Work item
Below are records that contain pictures; transcribe the text exactly and omit the pictures.

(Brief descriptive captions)
-- Opening Marker --
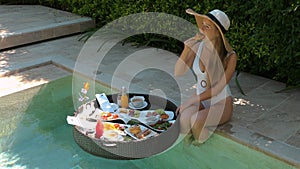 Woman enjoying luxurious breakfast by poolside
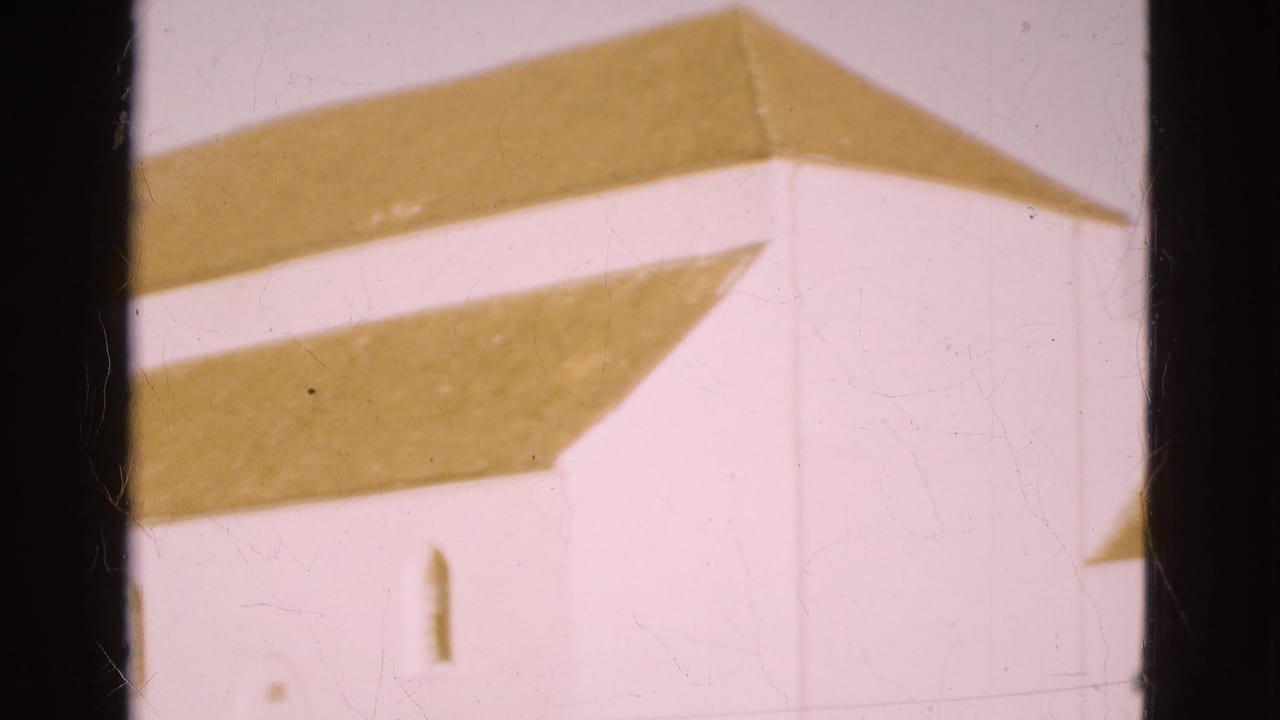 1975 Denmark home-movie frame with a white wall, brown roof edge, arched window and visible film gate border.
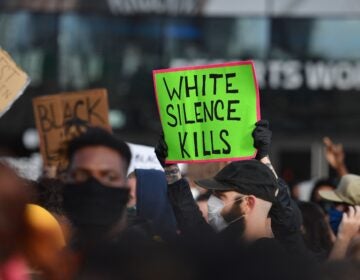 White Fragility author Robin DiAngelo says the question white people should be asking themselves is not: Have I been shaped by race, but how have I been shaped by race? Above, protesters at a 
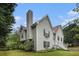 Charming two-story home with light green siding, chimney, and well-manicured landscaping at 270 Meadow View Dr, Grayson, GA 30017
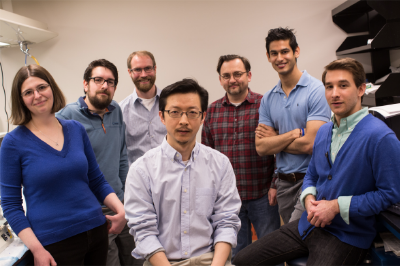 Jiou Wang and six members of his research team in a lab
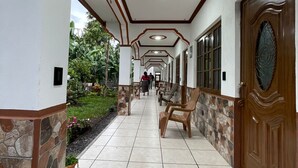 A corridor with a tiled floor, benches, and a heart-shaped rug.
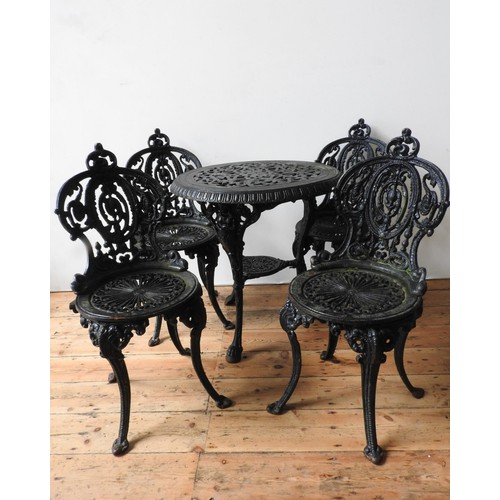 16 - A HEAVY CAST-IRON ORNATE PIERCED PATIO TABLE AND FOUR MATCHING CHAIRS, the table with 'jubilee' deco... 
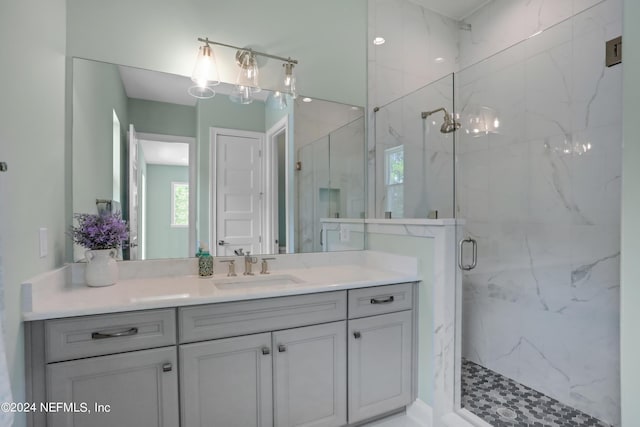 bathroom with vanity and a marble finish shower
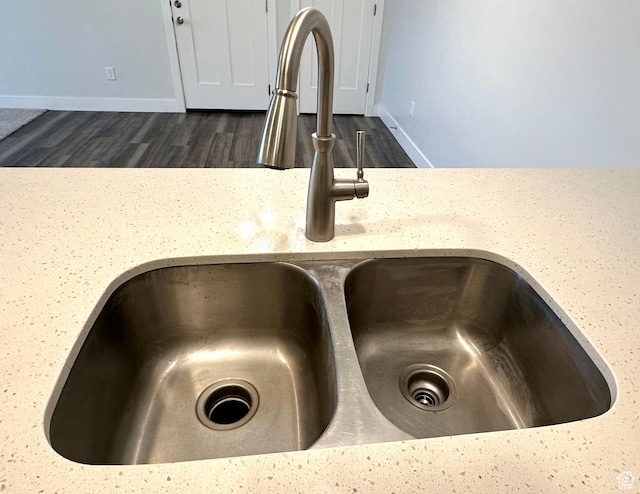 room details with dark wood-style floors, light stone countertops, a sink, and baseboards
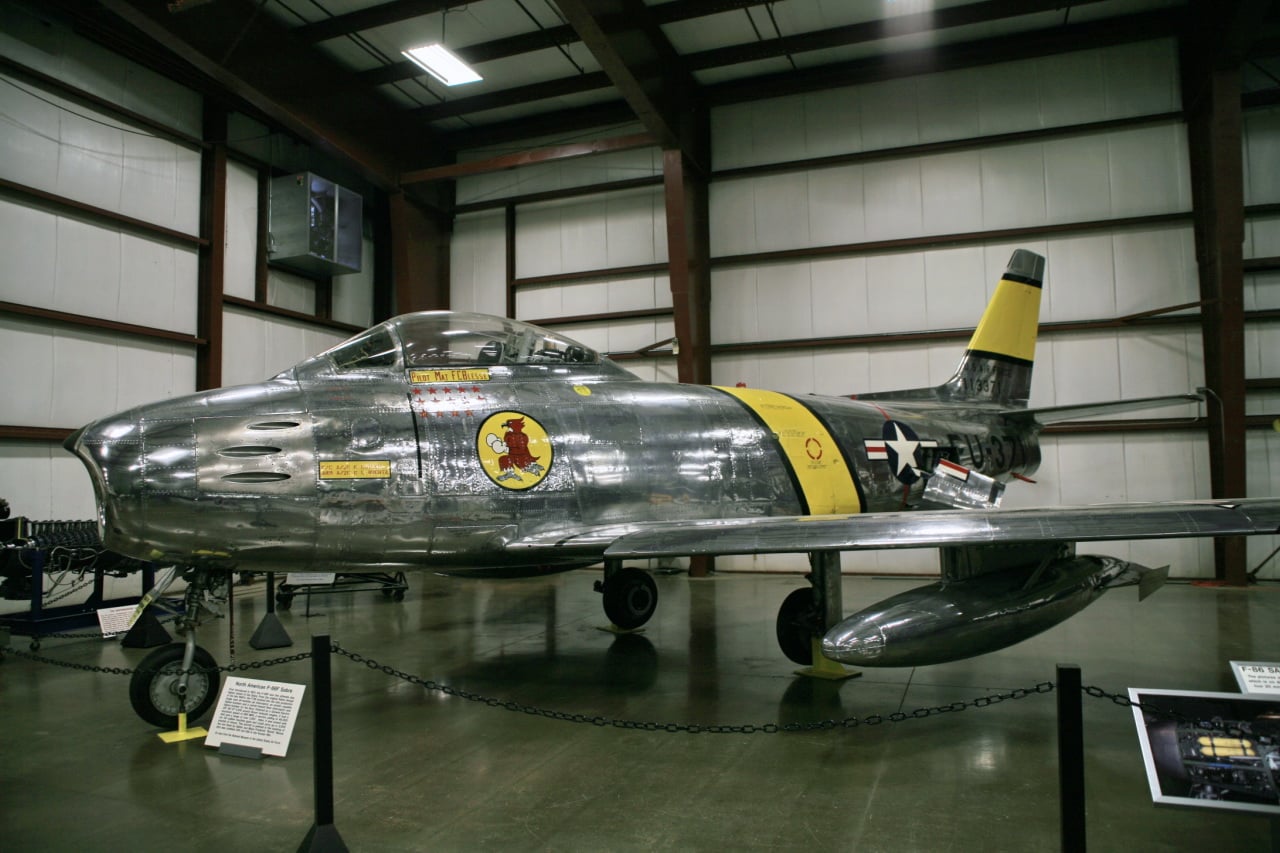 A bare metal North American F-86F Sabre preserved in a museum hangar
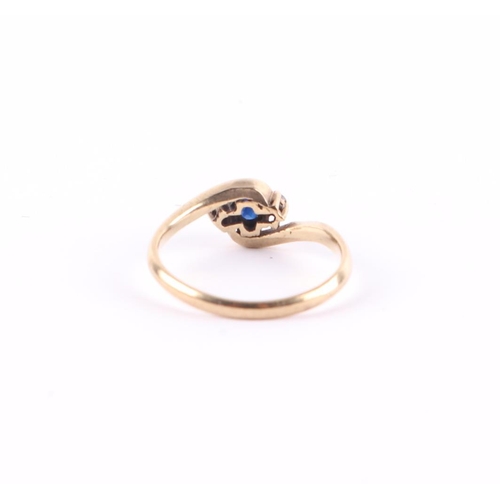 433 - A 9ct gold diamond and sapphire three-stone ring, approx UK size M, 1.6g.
-- Closing Marker --
Output below
 Woman enjoying luxurious breakfast by poolside
 1975 Denmark home-movie frame with a white wall, brown roof edge, arched window and visible film gate border.
 White Fragility author Robin DiAngelo says the question white people should be asking themselves is not: Have I been shaped by race, but how have I been shaped by race? Above, protesters at a 
 Charming two-story home with light green siding, chimney, and well-manicured landscaping at 270 Meadow View Dr, Grayson, GA 30017
 Jiou Wang and six members of his research team in a lab
 A corridor with a tiled floor, benches, and a heart-shaped rug.
 16 - A HEAVY CAST-IRON ORNATE PIERCED PATIO TABLE AND FOUR MATCHING CHAIRS, the table with 'jubilee' deco... 
 bathroom with vanity and a marble finish shower
 room details with dark wood-style floors, light stone countertops, a sink, and baseboards
 A bare metal North American F-86F Sabre preserved in a museum hangar
 433 - A 9ct gold diamond and sapphire three-stone ring, approx UK size M, 1.6g.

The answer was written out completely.